By using SRF, primary fuels (gas, coal) are replaced. Production and use of SRF therefore contribute to energy-independency of Europe. It is therefore essential to account for the contribution of SRF in the production of electricity from bioenergy, as described in paragraph 4.8 in the Technical Annex of 2020 to the Taxonomy Report. The same goes for co-generation of heat/cool and power from bioenergy (paragraph 4.20). Besides the allowed feedstocks allowed (biomass, biogas and biofuels) SRF should also be allowed as feedstock. For that, criteria for the manufacture of SRF are needed (to be added in paragraph 4.13).

Whereas generation of heat/cool and power can also be achieved in stand-alone facilities running only on SRF, it is important to also include such plants in the taxonomy scheme. This would require taxonomy criteria to be set for such plants, for instance addressing biomass fraction and maximum proportion of recyclable materials.

Contribution to climate protection

Whereas SRF is partly made up of biogenic material, emission of fossil CO2 is reduced. The reduction of CO2 from co-processing and other uses of SRF is in the range of 350 – 1.000 kg. CO2 eq/ton waste.

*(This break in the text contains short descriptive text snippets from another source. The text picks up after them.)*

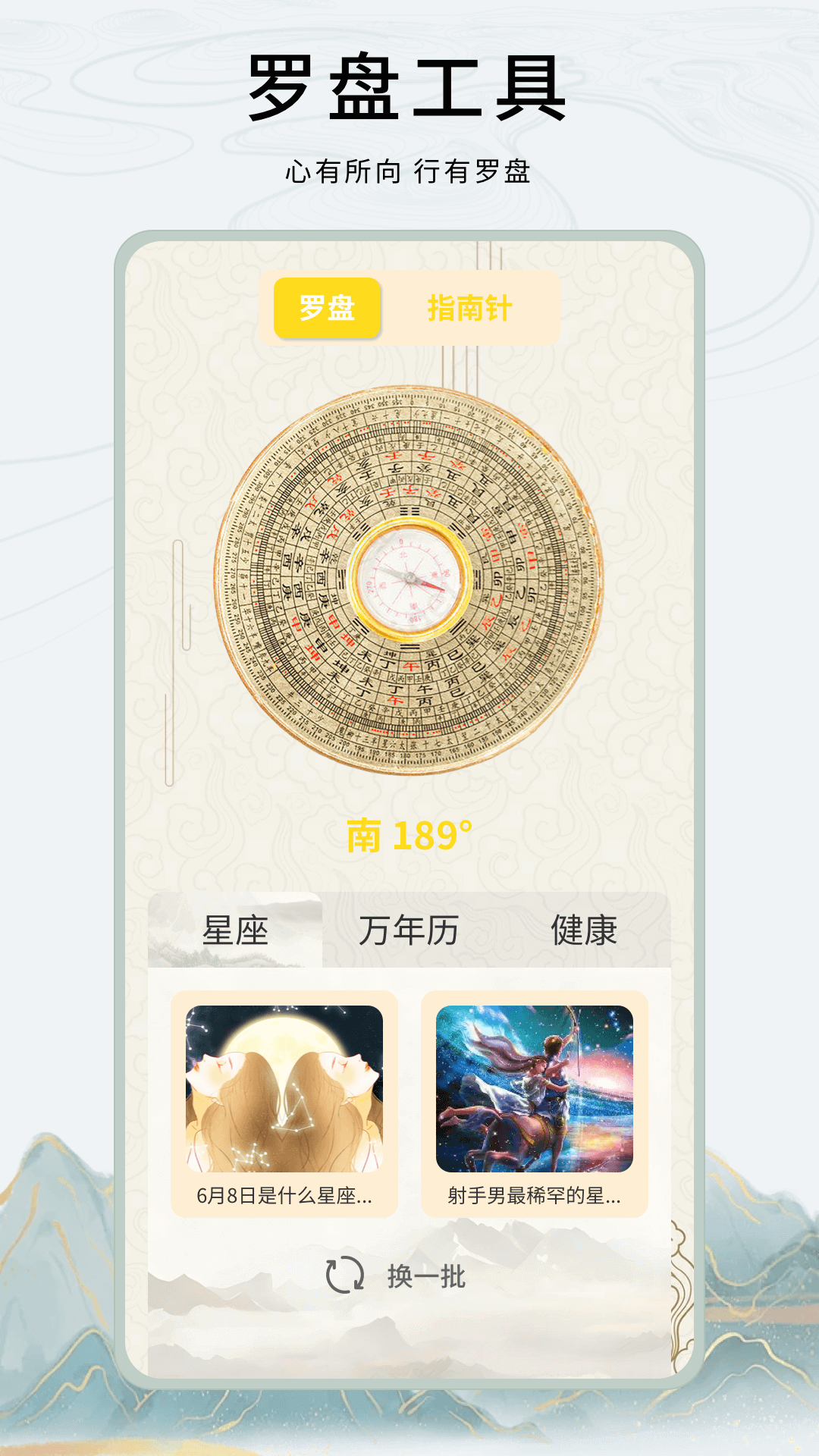 专业风水罗盘截图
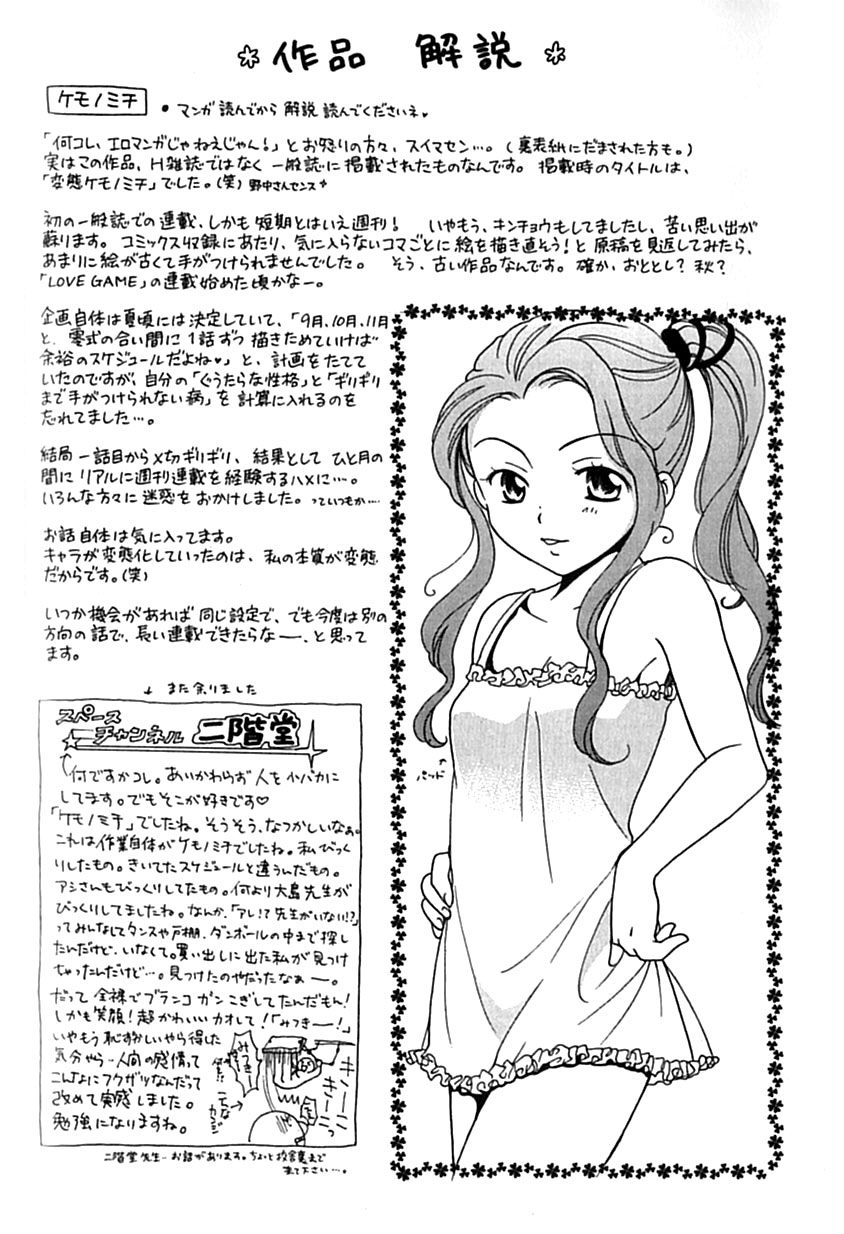 [大島永遠] Berryエクスタシー [英訳]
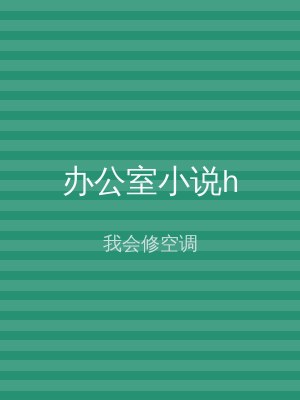办公室小说h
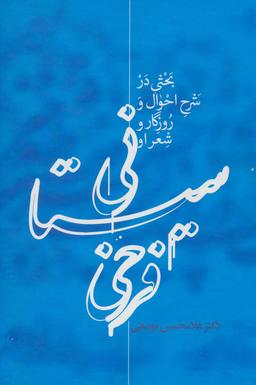 عکس فرخی سیستانی بحثی در شرح احوال و روزگار شعرا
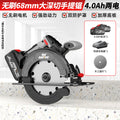 Nanwei electric circular saw 7inch satchel saw brushless lithium electric woodworking stone electric saw cutting machine hand push saw circular saw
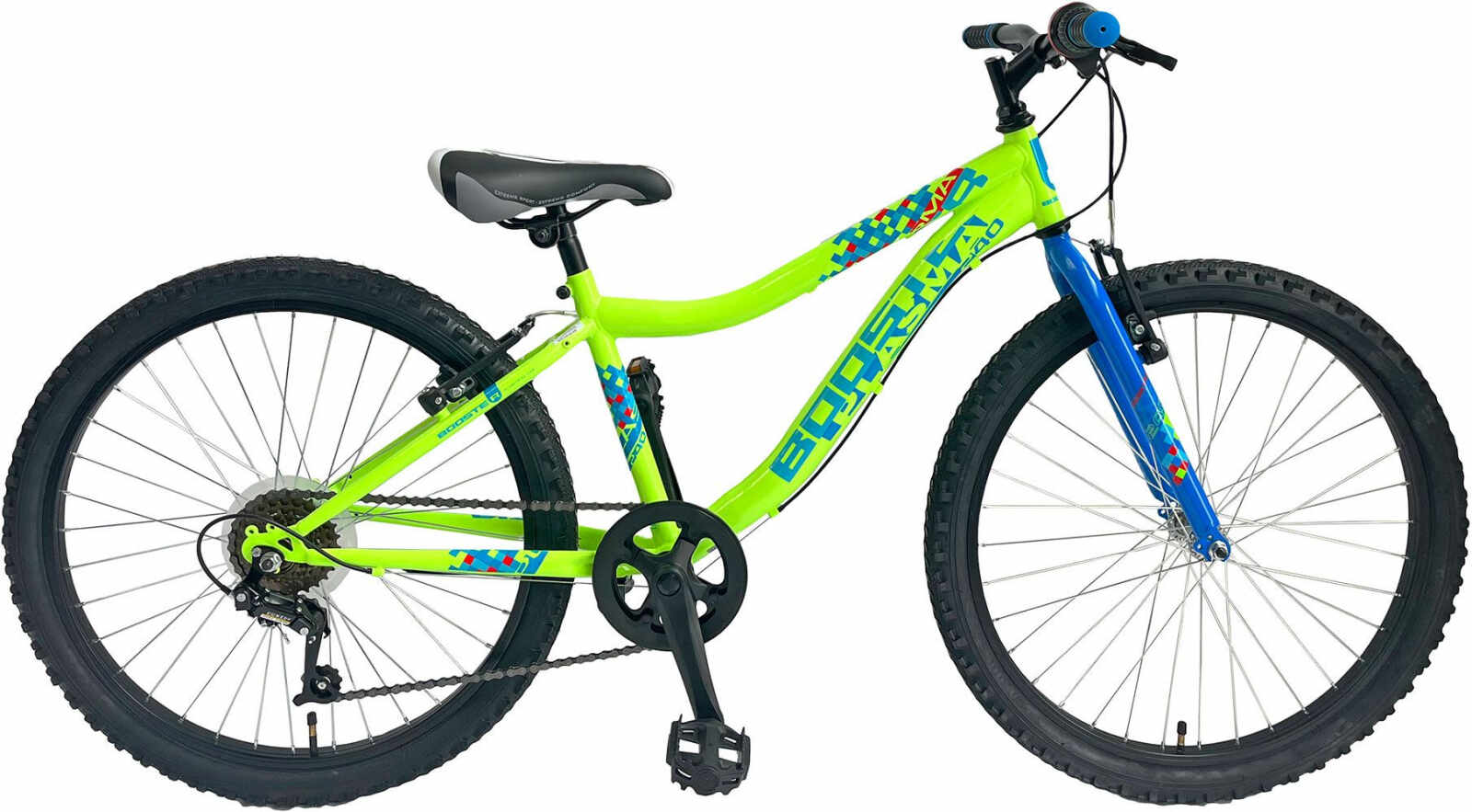 Bicicleta Copii Booster 2023 Plasma - 24 Inch, Galben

Contribution to a Circular Economy

It is important to stress that all efforts must be undertaken to separate waste at source or either sort waste afterwards. It is impossible however to reuse and recycle everything. Even in best performing member states a residual fraction remains. Typically, sorting of waste results in 25-30% residue. Even when design of products and sorting technologies improve, a massive stream of non-recyclable waste will remain in Europe. Cembureau and ERFO have estimated that at least some 60 million tonnes of SRF could be produced in Europe when all member states would implement state-ot-the-art waste management solutions.
SRF is the perfect link between recycling and waste-to-energy. As a part of the sorting/recycling process it does not compete with recycling. Used in cement-kilns it contributes to the formation of clinker. New technologies are being developed to turn SRF into fuels and chemicals. Not acknowledging SRF production and its use in its current and future applications as a sustainable activity within the taxonomy legislation will put Europe back into less sustainable options for waste.

Social aspects

Production of SRF saves existing and creates new jobs. It is an additional step to the sorting/recycling of waste requiring new equipment investment and comparably (to other materials derived from waste) intensive quality control. As an example, in Germany the whole development of SRF has provided a vast amount of work for consultancy firms and research institutes, a new area of laboratory work has been realised and an association has been established. In industry itself SRF production has created new work within companies but also in trading and within companies receiving SRF. As a rough indication, employment effects are more than 3 employees per 1 Mio t € investment.
Production and use of SRF do not create a food or fuel problem, thus preventing negative effects on availability and costs of food as a result of area-competition.

SRF as enabler

The Technical Report on screening criteria for taxonomy acknowledges that switching to alternative fuels benefits decarbonisation of the cement sector. Use of alternative fuels (such as SRF) can reduce carbon intensity of cement production significantly. SRF therefore makes climate-friendly production of cement possible. Similarly, SRF enables climate-friendly energy supply as do other forms of thermal waste treatment.


ERFO believes that thermal use of waste which can not be recycled is most sustainable and should be supported by EU taxonomy. Optimum use of waste includes that first all materials are recovered which can be recycled and that only that part of waste is used for thermal purposes which can not be made available for recycling by means of optimised sorting. The concept of SRF meets all these requirements.